Specifically, the government was supposed to be a temporary crutch to aid in the transition from a traditional bourgeoisie/prolateriat system into true communism. But that put an awful lot of trust in just a few people, and somehow, the temporary crutch lasted about 80 years in Russia, the first nation to go communist. The system was supposed to be a retort to capitalism, which Marx saw as the rich getting richer and the poor getting poorer. But the "interim" government in Russia/USSR wasn't much of an improvement on that. The masses were still poor.
Of course, the fact that the Communist Manifesto was intended to be applied in an industrial economy, such as Marx's home country of Germany, and Russia was an agricultrual economy, didn't help matters much.
The reason why Communism is still around in China is because the Chinese government has made a lot of concessions to capitalism. Similarly, the US has made a lot of concessions to socialism (which is what the USSR system actually was... fascism and Naziism were the same way) in the way it operates.
In true Communism, everyone owns an equal part of everything, and everyone shares according to need. In true capitalism, the market decides and the strongest survives, much like Darwin's theory of natural selection.

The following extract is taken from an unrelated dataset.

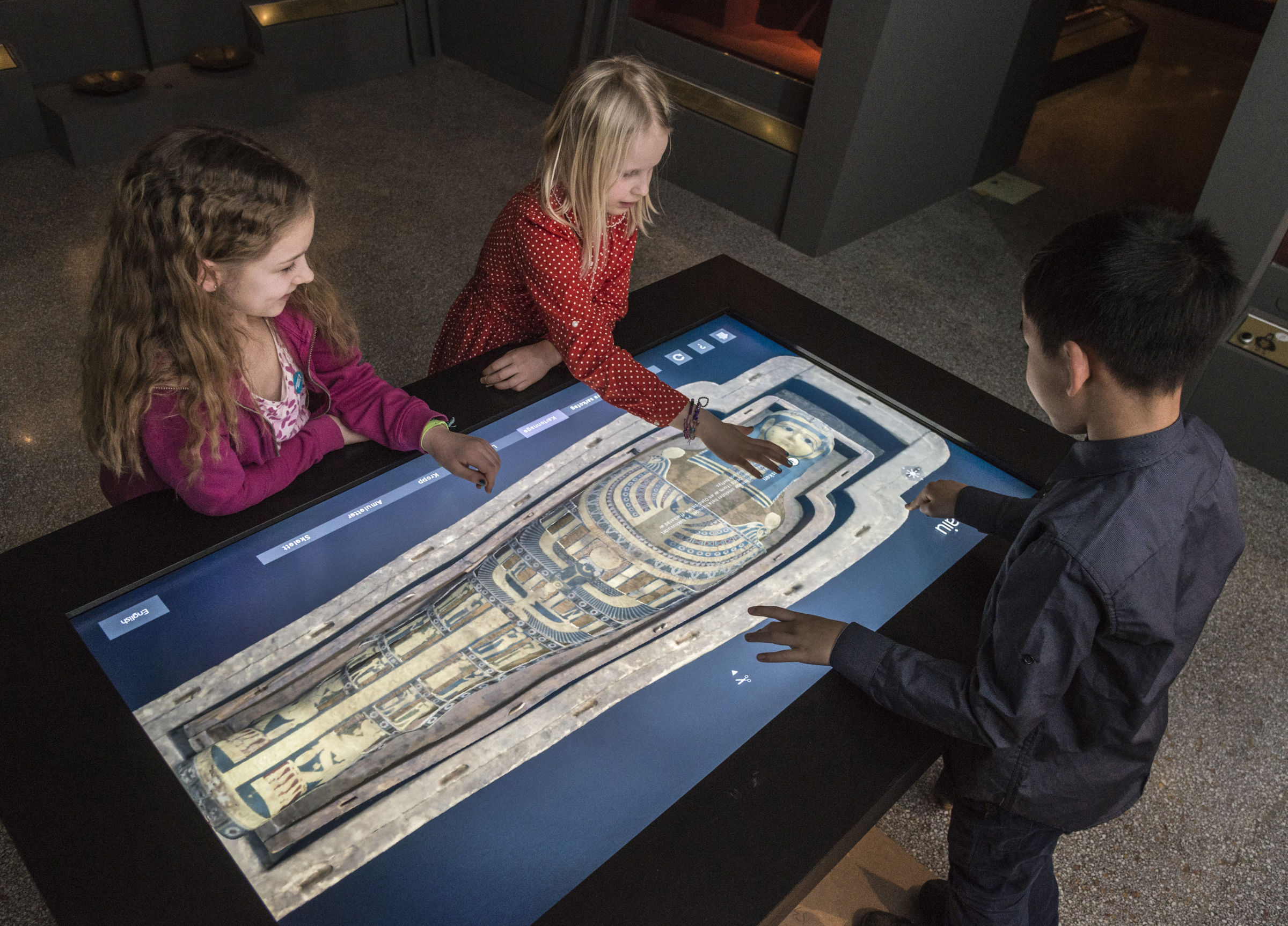 Three kids using a large touch table to look at a 3D scan of a sarcophagus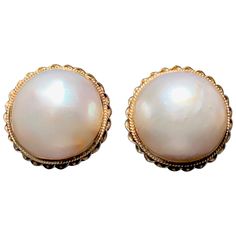 This elegant and wearable pair of ear clips features wonderful and large mabé pearls. The pearls are set in 14 karat yellow gold and decorated with a twisted gold wire border. Pearl Clip On Earrings, Vintage Pearl Earrings, 1950 Vintage, Mabe Pearl, Ear Clips, Vintage Inspiration, Vintage Pearl, Gold Wire, Birmingham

The only problem is that both ways' ideals count on humans being basically good. Many are, but it only takes a little bit of greedy scum to ruin the whole thing.
If we had a true capitalist system, there would be no government regulation of business practices. If the working conditions were atrocious, the worker would have to grin and bear it or find a job elsewhere. If one company was able to force all its competitiors out of business, then tough shit. There would be no antitrust suits against Microsoft, for example. Under true Capitalism, Netscape shouldn't have stayed stuck on 4.7 for so long; it's not Microsoft's problem that they released two or three new versions of their IE software in the time between Netscape 4.7 and Netscape 5 (which was so long in coming that they just skipped 5 and called it Netscape 6).
So that's a basic rundown of capitalism and communism.